── DATASET ENTRIES ──

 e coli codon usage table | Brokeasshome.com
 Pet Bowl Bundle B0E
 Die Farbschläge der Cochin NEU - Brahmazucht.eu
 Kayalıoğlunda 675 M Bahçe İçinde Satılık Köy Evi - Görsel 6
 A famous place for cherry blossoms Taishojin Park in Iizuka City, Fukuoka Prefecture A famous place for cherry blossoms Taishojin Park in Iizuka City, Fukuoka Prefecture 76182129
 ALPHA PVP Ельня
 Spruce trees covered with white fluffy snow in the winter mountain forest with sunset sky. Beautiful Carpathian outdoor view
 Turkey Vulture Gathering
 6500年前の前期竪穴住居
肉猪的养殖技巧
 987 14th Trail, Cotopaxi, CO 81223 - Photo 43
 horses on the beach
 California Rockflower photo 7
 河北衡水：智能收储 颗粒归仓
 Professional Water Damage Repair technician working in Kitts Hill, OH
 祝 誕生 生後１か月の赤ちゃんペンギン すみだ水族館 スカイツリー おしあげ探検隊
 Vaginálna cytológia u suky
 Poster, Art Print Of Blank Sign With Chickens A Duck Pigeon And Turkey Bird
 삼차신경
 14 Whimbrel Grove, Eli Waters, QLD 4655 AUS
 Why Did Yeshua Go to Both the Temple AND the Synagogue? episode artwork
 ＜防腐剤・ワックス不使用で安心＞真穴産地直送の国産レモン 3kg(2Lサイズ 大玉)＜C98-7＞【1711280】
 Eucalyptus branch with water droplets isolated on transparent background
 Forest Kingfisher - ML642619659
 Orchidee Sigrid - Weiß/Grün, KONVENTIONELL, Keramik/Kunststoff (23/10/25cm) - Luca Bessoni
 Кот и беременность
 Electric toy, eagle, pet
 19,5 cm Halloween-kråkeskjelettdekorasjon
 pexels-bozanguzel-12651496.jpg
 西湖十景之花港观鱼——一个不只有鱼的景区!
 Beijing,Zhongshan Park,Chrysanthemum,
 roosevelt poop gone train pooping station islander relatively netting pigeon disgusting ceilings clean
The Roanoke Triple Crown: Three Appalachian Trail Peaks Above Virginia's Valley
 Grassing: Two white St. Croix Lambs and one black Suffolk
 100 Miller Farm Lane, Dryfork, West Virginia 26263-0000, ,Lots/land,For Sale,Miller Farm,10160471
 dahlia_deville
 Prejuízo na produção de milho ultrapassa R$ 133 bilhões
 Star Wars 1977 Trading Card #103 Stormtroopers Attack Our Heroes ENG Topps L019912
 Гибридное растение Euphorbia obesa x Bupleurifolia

───

== REQUIRED ACTION ==
Read the entries above and find each line holding the word "Park". Copy it out.

== TASK OUTPUT ==
 A famous place for cherry blossoms Taishojin Park in Iizuka City, Fukuoka Prefecture A famous place for cherry blossoms Taishojin Park in Iizuka City, Fukuoka Prefecture 76182129
 Beijing,Zhongshan Park,Chrysanthemum,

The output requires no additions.